Consider this: Pitt shot 2-of-20 on 3s, was outrebounded 40-29, had four players in foul trouble — including two foul-outs in senior point Carl Krauser (2:58 left) and junior forward Levon Kendall (51 seconds left) — and yet the Panthers were still one possession away from winning the game in the final minute.
Huh?
“We’re winners and we hate to lose, we don’t know how to lose,” Pitt junior center Aaron Gray said. “Coach [Jamie] Dixon is our leader and it starts with him. We never stop. We were down nine at halftime and we came out and got the first bucket. We never thought we were going to lose until that last buzzer went off.”
…
UConn-Pitt hasn’t disappointed in years. This has been the game in the Big East schedule. They are more than rivals and have become the definition of the new Big East, making it seem like, as Calhoun said, the ’80s again. Unfortunately, because of the unbalanced schedule, this was the only meeting this season. Don’t be surprised if they meet again in March or even April.
Call it a hunch, but after this game, ESPN and CBS aren’t going to screw up and not want this match-up on their networks regardless of preseason predictions.
Pitt just couldn’t quite pull ahead in the second half.

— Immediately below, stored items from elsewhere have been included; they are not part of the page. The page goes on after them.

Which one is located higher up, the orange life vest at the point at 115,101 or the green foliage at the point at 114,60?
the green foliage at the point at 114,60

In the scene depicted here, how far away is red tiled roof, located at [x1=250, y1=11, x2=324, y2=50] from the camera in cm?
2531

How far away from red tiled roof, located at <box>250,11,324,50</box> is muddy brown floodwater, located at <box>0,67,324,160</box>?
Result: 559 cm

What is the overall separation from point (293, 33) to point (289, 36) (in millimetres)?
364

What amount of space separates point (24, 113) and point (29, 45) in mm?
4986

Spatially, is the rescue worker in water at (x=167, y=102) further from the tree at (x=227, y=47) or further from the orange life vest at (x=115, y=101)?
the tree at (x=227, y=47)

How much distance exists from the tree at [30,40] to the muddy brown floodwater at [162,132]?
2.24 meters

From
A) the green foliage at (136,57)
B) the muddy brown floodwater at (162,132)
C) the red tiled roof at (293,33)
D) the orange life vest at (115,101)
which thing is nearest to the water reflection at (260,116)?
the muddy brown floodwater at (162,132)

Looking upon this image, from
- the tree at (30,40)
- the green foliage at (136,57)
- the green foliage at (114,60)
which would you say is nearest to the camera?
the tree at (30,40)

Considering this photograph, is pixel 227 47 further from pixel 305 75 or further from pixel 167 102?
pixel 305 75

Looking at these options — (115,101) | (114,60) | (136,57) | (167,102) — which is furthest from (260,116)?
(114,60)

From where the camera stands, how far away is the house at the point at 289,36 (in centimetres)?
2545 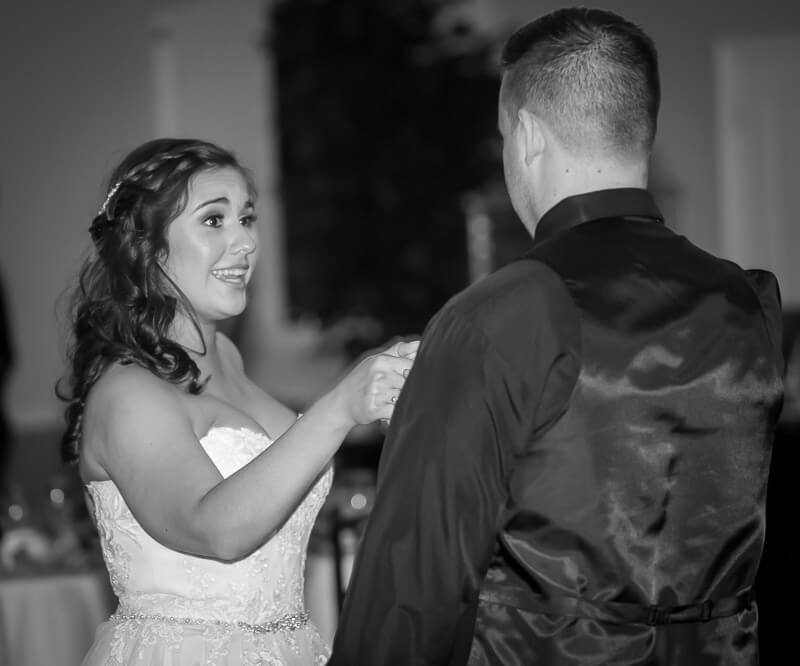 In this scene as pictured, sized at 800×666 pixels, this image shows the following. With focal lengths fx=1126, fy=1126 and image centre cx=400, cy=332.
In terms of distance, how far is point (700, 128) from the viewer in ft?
21.2

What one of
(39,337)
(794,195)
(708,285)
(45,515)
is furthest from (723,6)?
(708,285)

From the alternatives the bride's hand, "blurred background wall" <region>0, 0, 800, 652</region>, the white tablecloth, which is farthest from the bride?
"blurred background wall" <region>0, 0, 800, 652</region>

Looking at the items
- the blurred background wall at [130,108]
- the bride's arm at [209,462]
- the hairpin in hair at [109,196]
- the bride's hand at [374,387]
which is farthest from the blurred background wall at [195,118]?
the bride's hand at [374,387]

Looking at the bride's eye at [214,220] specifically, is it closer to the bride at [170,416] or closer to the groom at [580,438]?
the bride at [170,416]

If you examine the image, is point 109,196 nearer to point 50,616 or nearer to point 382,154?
point 50,616

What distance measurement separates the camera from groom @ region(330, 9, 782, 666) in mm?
1300

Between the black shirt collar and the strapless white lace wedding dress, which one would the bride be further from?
the black shirt collar

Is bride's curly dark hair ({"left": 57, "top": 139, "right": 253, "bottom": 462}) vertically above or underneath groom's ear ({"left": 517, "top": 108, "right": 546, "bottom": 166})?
underneath

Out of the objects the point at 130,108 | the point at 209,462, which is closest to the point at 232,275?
the point at 209,462

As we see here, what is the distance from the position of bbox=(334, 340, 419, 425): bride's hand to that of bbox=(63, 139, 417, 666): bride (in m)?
0.22

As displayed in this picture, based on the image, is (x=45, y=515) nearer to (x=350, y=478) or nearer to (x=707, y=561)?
(x=350, y=478)

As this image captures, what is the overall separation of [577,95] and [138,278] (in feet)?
2.92

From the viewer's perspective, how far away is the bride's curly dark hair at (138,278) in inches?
74.7

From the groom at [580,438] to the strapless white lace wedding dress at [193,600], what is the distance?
0.57m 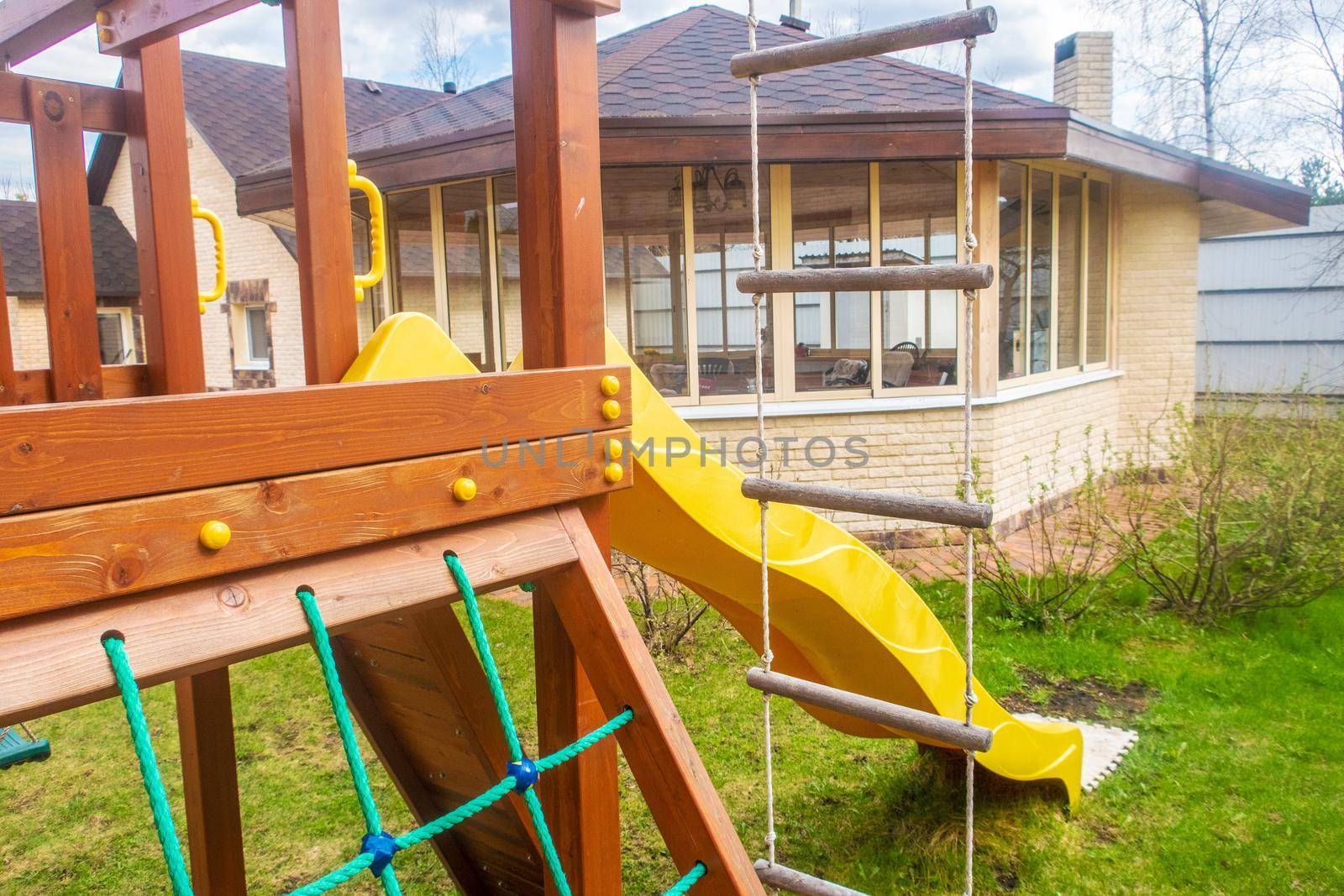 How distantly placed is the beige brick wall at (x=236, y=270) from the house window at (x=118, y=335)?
2.03 m

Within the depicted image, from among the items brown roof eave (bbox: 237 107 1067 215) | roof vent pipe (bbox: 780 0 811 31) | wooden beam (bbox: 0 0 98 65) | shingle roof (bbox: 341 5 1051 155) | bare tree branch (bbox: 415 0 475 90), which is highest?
bare tree branch (bbox: 415 0 475 90)

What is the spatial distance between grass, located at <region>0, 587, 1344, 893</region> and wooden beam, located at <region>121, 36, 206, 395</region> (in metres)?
2.07

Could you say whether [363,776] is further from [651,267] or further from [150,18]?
[651,267]

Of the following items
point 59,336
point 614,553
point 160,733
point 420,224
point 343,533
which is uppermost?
point 420,224

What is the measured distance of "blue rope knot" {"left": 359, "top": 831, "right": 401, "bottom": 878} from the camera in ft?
4.40

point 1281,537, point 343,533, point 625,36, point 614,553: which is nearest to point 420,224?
point 625,36

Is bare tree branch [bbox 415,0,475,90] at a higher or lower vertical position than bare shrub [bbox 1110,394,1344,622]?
higher

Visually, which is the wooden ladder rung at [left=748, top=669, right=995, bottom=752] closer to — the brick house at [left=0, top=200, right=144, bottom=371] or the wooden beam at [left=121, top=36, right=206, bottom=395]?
the wooden beam at [left=121, top=36, right=206, bottom=395]

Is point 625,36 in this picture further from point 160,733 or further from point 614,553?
point 160,733

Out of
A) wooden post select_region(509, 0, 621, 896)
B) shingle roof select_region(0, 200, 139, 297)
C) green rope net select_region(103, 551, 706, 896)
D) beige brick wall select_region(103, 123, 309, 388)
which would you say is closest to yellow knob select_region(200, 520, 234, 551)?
green rope net select_region(103, 551, 706, 896)

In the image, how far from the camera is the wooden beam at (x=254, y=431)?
111 centimetres

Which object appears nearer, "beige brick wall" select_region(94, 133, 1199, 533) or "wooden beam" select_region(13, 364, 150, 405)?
"wooden beam" select_region(13, 364, 150, 405)

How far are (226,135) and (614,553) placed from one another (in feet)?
38.9

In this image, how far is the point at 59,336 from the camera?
2.84 meters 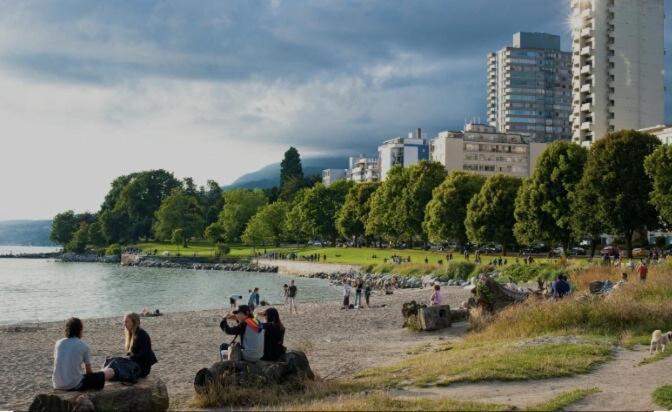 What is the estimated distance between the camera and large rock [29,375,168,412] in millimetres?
11742

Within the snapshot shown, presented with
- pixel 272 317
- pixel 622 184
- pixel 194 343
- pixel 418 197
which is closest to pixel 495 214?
pixel 622 184

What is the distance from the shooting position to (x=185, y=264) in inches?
5182

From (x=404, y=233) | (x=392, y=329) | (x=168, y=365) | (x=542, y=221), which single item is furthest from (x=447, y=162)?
(x=168, y=365)

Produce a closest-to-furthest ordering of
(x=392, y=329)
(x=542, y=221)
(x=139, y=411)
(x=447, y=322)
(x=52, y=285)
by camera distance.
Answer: (x=139, y=411)
(x=447, y=322)
(x=392, y=329)
(x=542, y=221)
(x=52, y=285)

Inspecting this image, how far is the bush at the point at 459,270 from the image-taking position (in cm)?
6888

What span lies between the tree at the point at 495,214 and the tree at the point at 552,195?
307 inches

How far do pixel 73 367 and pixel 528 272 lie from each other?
50.2 m

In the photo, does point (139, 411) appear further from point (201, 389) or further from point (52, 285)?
point (52, 285)

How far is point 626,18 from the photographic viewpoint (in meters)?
116

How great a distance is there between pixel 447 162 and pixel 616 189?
85.1 meters

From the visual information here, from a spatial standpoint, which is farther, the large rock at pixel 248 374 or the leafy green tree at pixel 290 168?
the leafy green tree at pixel 290 168

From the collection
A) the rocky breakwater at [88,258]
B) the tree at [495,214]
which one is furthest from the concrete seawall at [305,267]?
the rocky breakwater at [88,258]

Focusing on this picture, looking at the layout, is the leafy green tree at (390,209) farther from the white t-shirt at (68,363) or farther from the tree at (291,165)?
the white t-shirt at (68,363)

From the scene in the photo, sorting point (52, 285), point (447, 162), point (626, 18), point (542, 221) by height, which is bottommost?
point (52, 285) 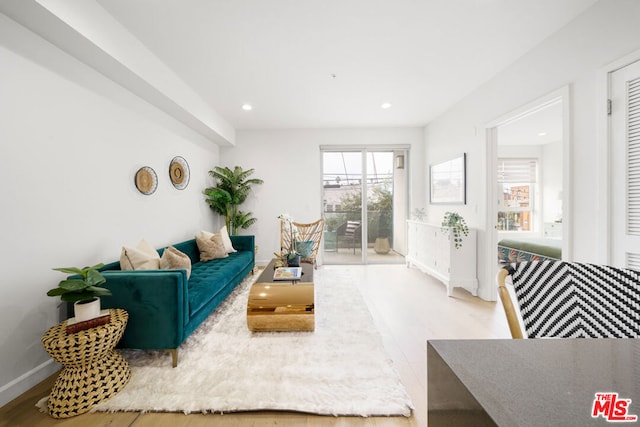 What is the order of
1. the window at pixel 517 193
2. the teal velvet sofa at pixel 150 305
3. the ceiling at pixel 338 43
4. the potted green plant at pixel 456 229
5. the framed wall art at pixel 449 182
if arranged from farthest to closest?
the window at pixel 517 193 < the framed wall art at pixel 449 182 < the potted green plant at pixel 456 229 < the ceiling at pixel 338 43 < the teal velvet sofa at pixel 150 305

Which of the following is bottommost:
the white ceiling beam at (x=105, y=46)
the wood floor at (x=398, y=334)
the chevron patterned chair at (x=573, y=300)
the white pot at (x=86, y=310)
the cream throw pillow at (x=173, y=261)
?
the wood floor at (x=398, y=334)

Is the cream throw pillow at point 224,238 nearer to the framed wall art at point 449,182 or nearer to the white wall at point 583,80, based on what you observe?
the framed wall art at point 449,182

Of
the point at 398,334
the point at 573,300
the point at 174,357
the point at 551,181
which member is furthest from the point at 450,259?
the point at 551,181

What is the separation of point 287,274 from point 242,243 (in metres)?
1.78

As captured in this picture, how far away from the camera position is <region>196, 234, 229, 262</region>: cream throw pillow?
3.51 meters

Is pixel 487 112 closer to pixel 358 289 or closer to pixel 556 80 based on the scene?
pixel 556 80

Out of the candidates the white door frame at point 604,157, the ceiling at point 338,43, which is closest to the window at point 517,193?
the ceiling at point 338,43

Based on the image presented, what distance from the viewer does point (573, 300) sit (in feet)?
3.18

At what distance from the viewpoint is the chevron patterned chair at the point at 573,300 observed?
91 cm

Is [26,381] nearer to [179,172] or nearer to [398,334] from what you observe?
[179,172]

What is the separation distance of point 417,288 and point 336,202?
2.31 meters

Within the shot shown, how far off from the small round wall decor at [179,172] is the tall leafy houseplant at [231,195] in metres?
0.73

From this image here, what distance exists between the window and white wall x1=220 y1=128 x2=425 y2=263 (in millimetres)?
2637

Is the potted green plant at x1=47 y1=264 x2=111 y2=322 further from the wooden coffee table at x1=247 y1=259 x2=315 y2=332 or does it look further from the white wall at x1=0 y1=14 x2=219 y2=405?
the wooden coffee table at x1=247 y1=259 x2=315 y2=332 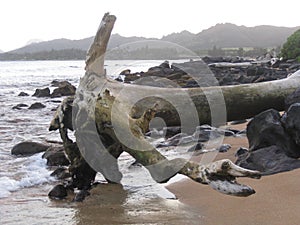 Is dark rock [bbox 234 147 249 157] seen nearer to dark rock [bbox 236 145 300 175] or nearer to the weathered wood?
the weathered wood

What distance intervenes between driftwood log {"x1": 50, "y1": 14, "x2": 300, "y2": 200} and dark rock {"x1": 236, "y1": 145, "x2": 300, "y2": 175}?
3.79 feet

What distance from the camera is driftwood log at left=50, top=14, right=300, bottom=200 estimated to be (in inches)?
155

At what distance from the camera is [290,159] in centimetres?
464

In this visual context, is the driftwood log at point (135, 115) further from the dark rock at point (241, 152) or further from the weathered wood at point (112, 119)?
the dark rock at point (241, 152)

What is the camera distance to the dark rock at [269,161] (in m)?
4.52

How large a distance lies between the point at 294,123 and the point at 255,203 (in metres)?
1.36

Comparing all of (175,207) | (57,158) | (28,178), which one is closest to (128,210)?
(175,207)

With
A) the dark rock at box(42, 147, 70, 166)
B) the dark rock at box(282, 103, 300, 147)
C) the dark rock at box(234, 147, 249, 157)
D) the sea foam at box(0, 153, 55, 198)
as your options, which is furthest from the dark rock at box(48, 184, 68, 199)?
the dark rock at box(282, 103, 300, 147)

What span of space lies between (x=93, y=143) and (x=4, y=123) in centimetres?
712

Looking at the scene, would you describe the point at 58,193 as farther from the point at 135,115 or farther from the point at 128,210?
the point at 135,115

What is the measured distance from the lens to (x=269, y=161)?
4.65 metres

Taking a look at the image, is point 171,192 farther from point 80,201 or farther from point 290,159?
point 290,159

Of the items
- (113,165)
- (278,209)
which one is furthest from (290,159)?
(113,165)

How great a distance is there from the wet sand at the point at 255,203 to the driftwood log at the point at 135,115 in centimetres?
31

As for that strange technical foul Coach Dixon received at the end of the half:
Pitt had a chance to cut into that lead just before the intermission, but Dixon was called for a technical foul while Pitt had a 3-on-1 fast break with three seconds remaining. Graves threw the ball out of bounds on an alley-oop attempt to Sam Young and referee Ed Corbett whistled Dixon, who was upset with Graves for throwing the errant pass. Corbett mistook Dixon’s rage as anger toward him and called the technical.
“I didn’t say anything bad, I know that,” Dixon said. “Sometimes that happens.”
Corbett made up for the mistake early in the second half and called a technical on Calhoun.
Given how quickly Calhoun was T’d up in the second half, you knew it had to be a make-up call.